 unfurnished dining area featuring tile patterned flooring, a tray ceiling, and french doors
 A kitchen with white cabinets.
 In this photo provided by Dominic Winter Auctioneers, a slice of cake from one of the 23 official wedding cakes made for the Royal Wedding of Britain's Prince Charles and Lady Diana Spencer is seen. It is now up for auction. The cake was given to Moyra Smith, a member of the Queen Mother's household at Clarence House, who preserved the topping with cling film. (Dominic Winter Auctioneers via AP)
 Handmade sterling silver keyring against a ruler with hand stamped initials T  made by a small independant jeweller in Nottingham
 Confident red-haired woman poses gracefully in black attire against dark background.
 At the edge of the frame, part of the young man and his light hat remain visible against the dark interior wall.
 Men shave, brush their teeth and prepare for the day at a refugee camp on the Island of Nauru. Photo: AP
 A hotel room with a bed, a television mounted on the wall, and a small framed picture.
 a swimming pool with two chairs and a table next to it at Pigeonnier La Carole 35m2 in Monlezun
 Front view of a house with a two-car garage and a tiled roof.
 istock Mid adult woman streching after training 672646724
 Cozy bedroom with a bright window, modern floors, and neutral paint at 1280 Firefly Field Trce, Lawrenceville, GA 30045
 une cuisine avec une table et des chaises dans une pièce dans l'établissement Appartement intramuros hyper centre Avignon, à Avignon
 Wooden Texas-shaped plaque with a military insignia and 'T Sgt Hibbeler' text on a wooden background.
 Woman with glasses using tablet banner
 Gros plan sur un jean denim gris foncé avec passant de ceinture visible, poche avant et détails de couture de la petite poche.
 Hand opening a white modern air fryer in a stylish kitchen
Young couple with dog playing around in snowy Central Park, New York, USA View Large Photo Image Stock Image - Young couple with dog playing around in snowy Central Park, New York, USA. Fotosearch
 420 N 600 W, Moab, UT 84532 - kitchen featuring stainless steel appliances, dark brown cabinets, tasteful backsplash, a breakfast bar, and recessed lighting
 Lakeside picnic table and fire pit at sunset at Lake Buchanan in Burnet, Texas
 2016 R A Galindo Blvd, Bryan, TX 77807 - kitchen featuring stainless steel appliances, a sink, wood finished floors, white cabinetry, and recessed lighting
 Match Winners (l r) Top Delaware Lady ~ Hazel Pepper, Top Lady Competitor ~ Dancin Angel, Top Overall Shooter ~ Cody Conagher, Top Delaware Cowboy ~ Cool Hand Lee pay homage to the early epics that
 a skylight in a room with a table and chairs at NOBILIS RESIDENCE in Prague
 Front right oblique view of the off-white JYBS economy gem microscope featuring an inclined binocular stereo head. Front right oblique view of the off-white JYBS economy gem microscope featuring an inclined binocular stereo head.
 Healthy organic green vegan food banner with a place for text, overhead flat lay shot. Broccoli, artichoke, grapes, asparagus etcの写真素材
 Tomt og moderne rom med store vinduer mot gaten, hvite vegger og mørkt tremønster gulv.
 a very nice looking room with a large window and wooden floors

GOAL OF THE EXERCISE:
Show each line of the data that contains the string "visible".

RESPONSE TO THE EXERCISE:
 At the edge of the frame, part of the young man and his light hat remain visible against the dark interior wall.
 Gros plan sur un jean denim gris foncé avec passant de ceinture visible, poche avant et détails de couture de la petite poche.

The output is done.